**Input:**

-- Opening Marker --

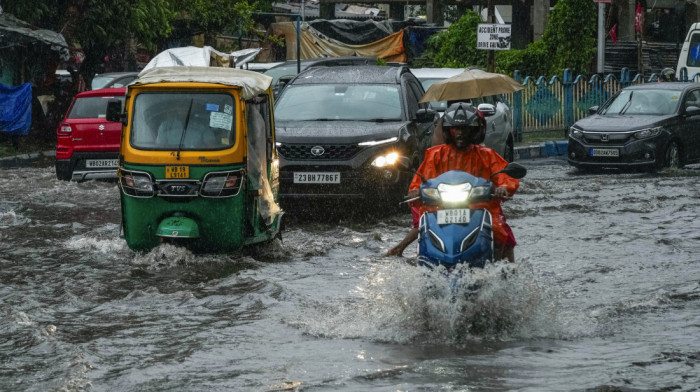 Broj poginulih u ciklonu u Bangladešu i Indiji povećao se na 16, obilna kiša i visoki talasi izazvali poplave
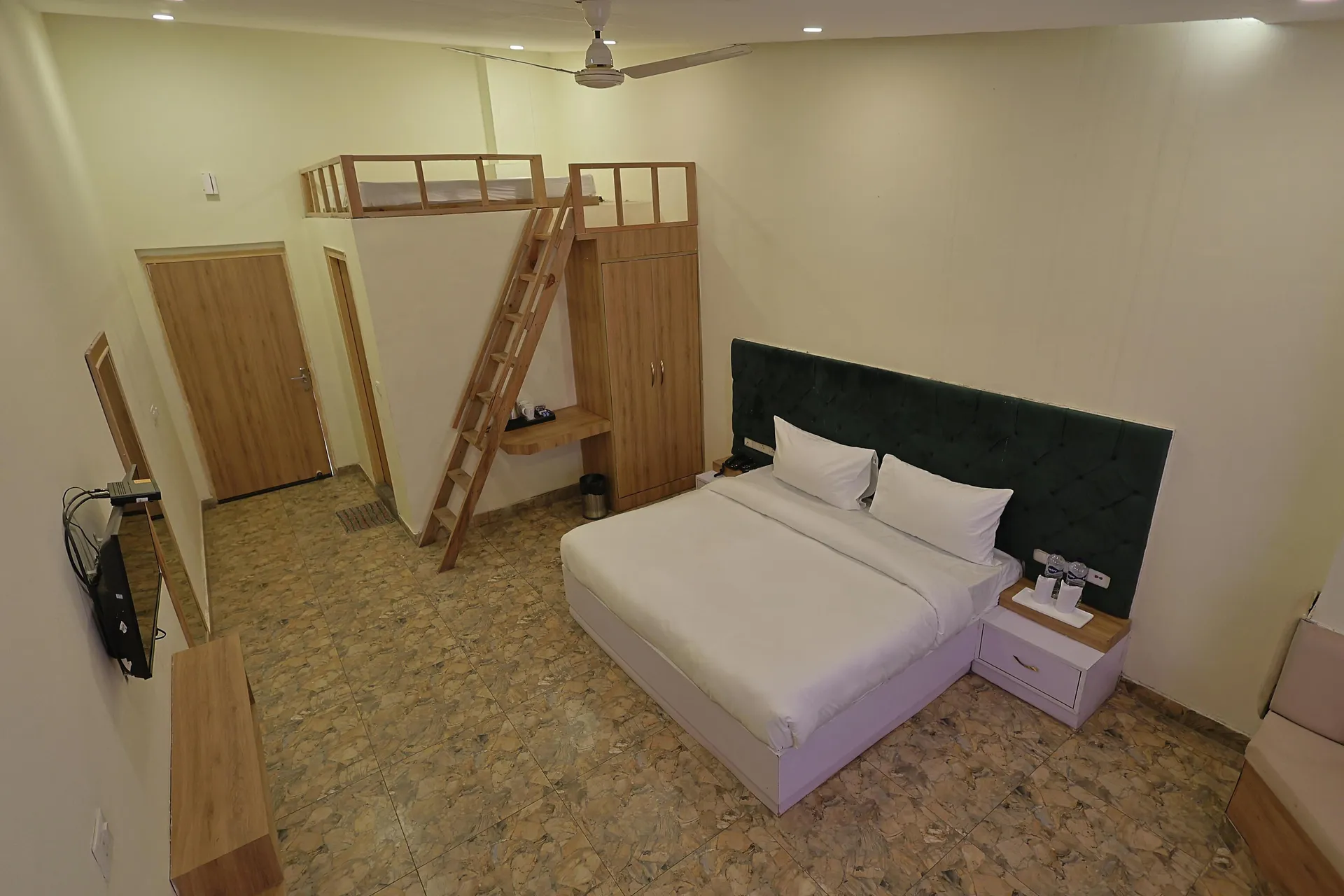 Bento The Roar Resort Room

-- Closing Marker --
-- Opening Marker --

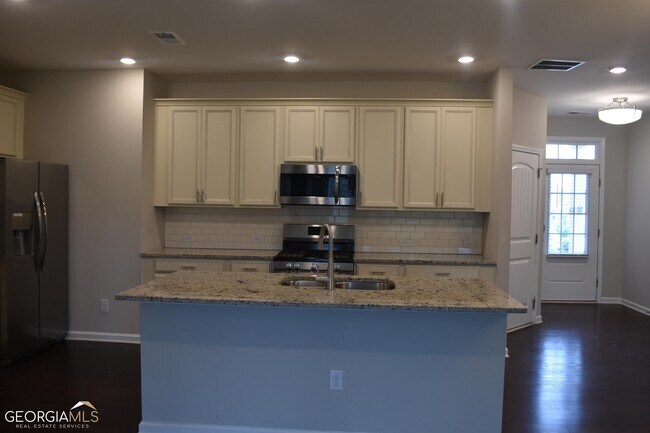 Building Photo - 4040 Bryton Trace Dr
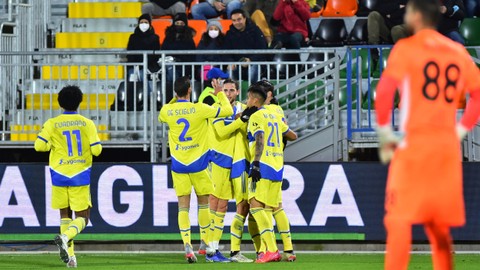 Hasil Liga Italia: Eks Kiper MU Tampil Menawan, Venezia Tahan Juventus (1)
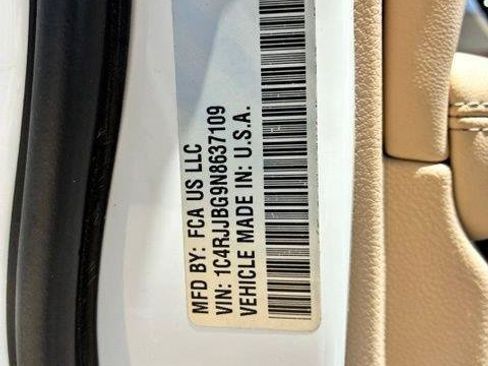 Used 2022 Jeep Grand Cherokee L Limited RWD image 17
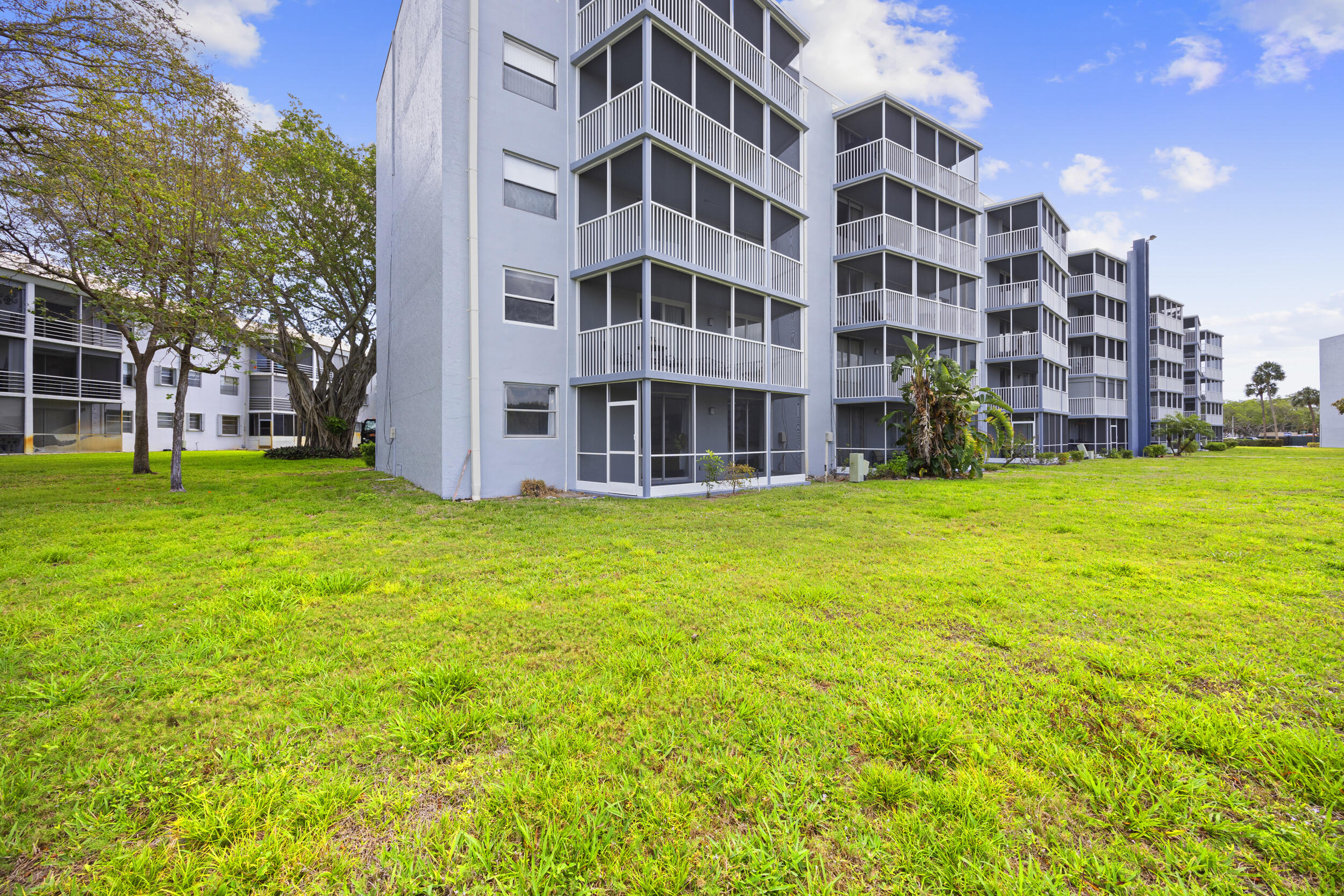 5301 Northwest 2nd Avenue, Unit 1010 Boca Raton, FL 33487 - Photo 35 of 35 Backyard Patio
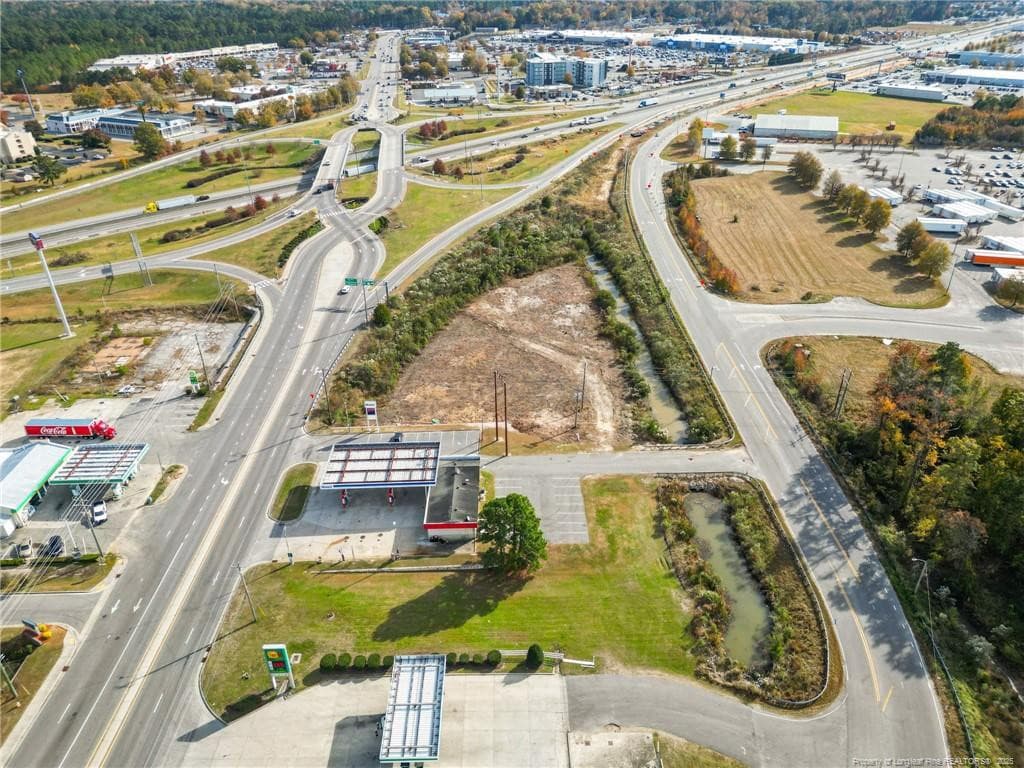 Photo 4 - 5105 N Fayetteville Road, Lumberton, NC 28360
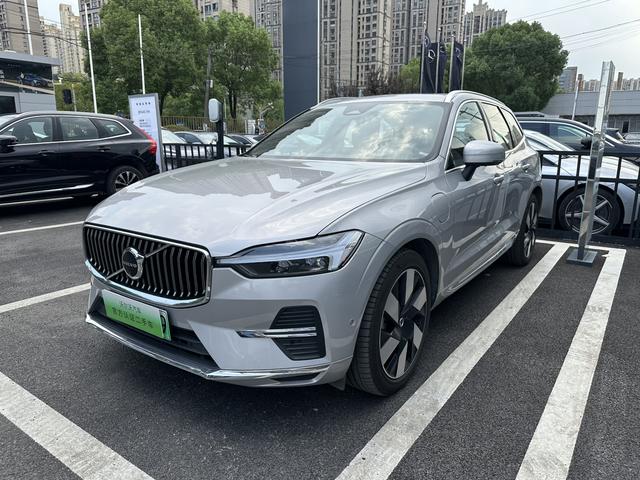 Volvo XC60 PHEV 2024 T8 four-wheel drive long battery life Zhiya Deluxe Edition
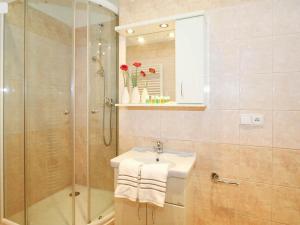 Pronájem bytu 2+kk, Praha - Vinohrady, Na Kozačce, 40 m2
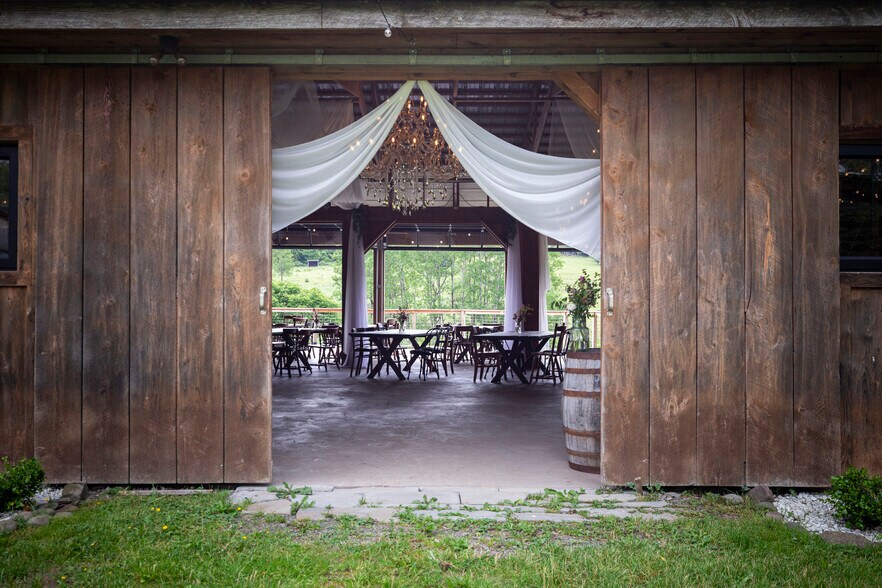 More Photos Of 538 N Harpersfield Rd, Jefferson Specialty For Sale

-- Closing Marker --
-- Opening Marker --

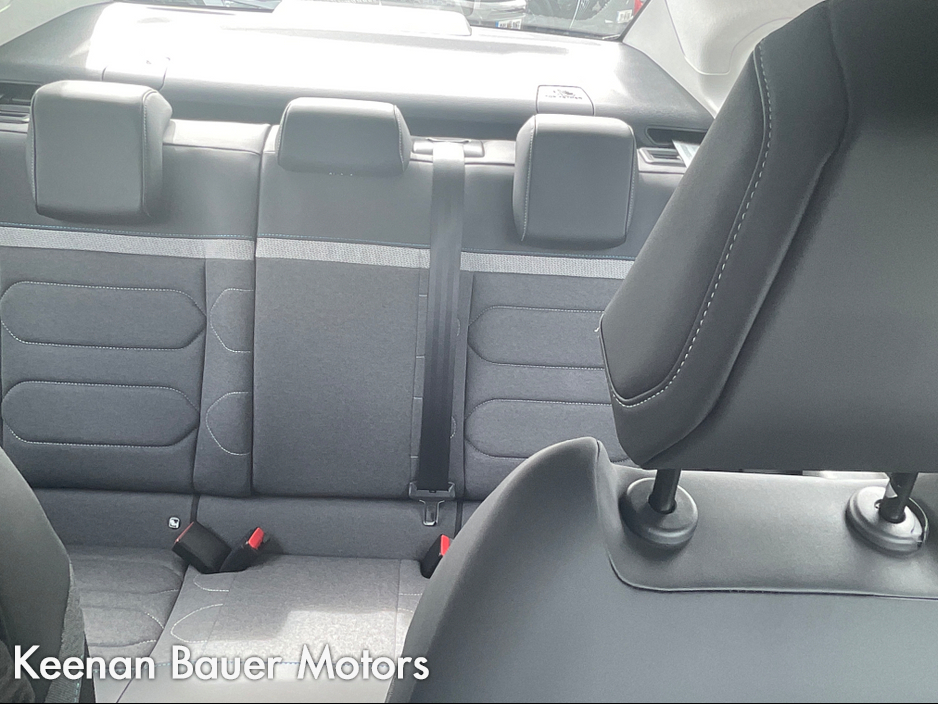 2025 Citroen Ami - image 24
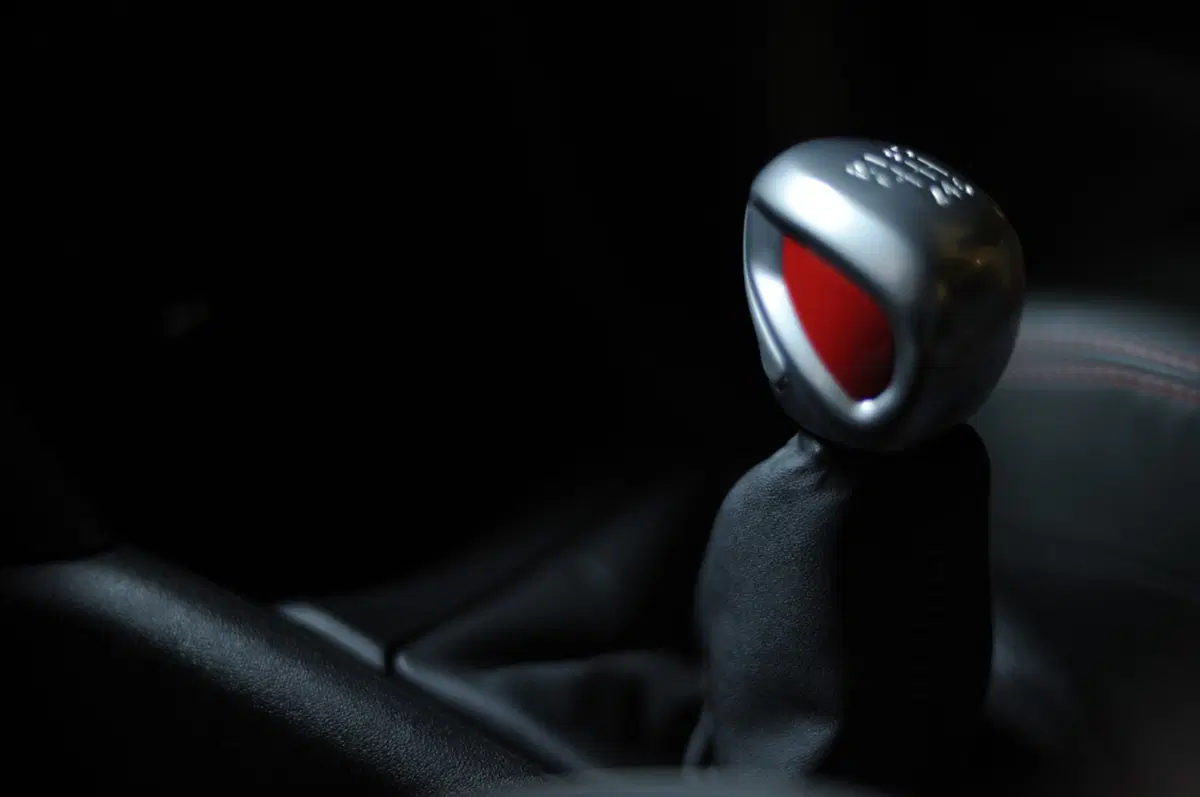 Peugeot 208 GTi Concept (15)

-- Closing Marker --

Reproduce, word for word, only the lines in the records above from the line with "5301 Northwest 2nd" through the line with "More Photos Of", including both ends; omit the pictures.

**Exercise result:**
 5301 Northwest 2nd Avenue, Unit 1010 Boca Raton, FL 33487 - Photo 35 of 35 Backyard Patio
 Photo 4 - 5105 N Fayetteville Road, Lumberton, NC 28360
 Volvo XC60 PHEV 2024 T8 four-wheel drive long battery life Zhiya Deluxe Edition
 Pronájem bytu 2+kk, Praha - Vinohrady, Na Kozačce, 40 m2
 More Photos Of 538 N Harpersfield Rd, Jefferson Specialty For Sale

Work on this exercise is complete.